Borderline, memoria y tradición

El borderline: el síndrome de falta de memoria

Una de las características del borderline es que carece de memoria. Mejor dicho: no tiene la perspectiva necesaria para emplazar su sufrimiento actual en un marco temporal. Así, el sufrimiento se vive como desconectado, absurdo, inexplicable e imposible de afrontar. Si la histérica, según Freud, estaba “enferma de reminiscencias“, el borderline no puede conjurarlas.

No se trata, desde luego, de la memoria en tanto mero recuerdo: el borderline sí que puede recordar escenas más o menos aisladas de su propia vida. Es una carencia más profunda, más experiencial: puede recordar, sí, pero no enlazar; cuenta su propia vida sin sentirse, en el fondo de sí, parte de ella. Y tampoco puede tomar distancia y observarla desde una posición ventajosa. Es como si tuviera las cuentas pero no el hilo donde engarzarlas.

(Este hilo, claro, se llama “identidad” -o, a veces, self).

Por ende, es un proceso más complejo que el simple “recordar” freudiano (aunque el mismo Freud, en sus últimos textos, -ante todo Recordar, repetir, reelaborar– se aproximó a esta intelección); un proceso que recibe el nombre, en la teoría cognitiva, de metacognición (y, en la filosofía clásica, de anagnórisis); y que se deriva de la estructura de los vínculos con las primeras figuras de apego. En síntesis, cuando dichos vínculos son medianamente sanos, el niño desarrolla un “espacio interno” que refleja el “espacio” que sus padres han construido para con él; esa capacidad que ellos le han prestado, a medida que crecía, de reflexionar acerca de sus emociones mientras las iba sintiendo, de ponerles nombre y diferenciarse así de ellas.

La existencia de este espacio es lo que permite a las personas no caer en la vorágine emocional en que el borderline ha de sobrevivir día tras día.

La sociedad borderline o la erosión de la tradición

Esto, que parece indiscutible a nivel individual, puede también aplicarse a la sociedad en su conjunto. Como lo dice Christopher Lasch en su monumental La Cultura del Narcisismo, la civilización occidental contemporánea no tiene memoria histórica -vive en un eterno presente, a saltos entre el consumismo más errático y las modas de cada segundo, entre la agonía y el éxtasis.
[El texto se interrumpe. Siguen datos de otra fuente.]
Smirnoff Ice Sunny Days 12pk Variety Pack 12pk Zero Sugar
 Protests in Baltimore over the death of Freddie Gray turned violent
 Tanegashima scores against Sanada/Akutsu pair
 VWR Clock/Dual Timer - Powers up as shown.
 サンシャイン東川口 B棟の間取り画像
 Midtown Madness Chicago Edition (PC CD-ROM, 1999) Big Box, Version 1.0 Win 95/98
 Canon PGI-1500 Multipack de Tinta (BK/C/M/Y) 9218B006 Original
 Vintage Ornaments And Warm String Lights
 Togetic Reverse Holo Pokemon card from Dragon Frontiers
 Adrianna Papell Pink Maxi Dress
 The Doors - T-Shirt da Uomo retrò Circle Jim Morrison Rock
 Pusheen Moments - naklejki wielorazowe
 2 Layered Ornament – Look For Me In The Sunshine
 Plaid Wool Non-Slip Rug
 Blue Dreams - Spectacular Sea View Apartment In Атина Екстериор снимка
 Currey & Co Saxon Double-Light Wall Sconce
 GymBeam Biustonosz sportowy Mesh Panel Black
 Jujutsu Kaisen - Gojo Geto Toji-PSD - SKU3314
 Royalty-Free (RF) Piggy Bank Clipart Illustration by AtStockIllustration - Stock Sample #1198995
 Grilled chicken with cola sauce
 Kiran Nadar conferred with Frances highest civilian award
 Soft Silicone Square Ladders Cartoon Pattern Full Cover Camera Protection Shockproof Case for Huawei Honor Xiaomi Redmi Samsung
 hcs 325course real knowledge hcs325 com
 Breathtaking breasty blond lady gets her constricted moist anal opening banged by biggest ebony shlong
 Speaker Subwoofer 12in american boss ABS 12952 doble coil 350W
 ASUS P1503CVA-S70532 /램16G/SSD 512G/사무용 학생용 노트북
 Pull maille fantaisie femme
De ahí la urgencia con que se vive, el terror a envejecer o tan sólo a parecer viejo, el desprecio por lo “antiguo” y “caduco”, la persecución infatigable de un mañana que nunca será hoy, la confusión entre “ser” y “parecer” y entre “parecer” y “aparentar a ojos de los demás”.

Nuevamente, no es cosa de falta de recuerdos concretos. Sí que los hay: las fiestas patrias, los monumentos, las leyendas relativamente conservadas… El problema es que la educación preserva los recuerdos pero no la tradición. Insufla datos fríos en la mente de los estudiantes. Pero no consigue sumirlos en el legado de sus antepasados, en los “usos y costumbres” de sus abuelos y tatarabuelos. Pues la tradición no es un conjunto de datos o hechos, sino una “forma de ser y hacer”; en el lenguaje de la teoría cognitiva, no es conocimiento “declarativo” sino “procedimental“, no es “explícito” sino “tácito“.

Así entendida, la pertenencia a una tradición es a la sociedad lo que el “espacio interior” es al individuo: le sirve de punto de apoyo para elevarse por sobre el manto de los siglos y contemplarse a sí misma con mayor perspectiva. Le permite destilar, de entre la miríada de hechos y afirmaciones, los principios que han gobernado su conducta a lo largo de los milenios, sometiéndolos a examen y crítica, a mejoras y reformas. La tradición es los “hombros de gigantes” en que se apoyaba Newton para ver más allá de su horizonte.

La tragedia de todo esto es que

Quien carece de pasado tampoco tiene futuro.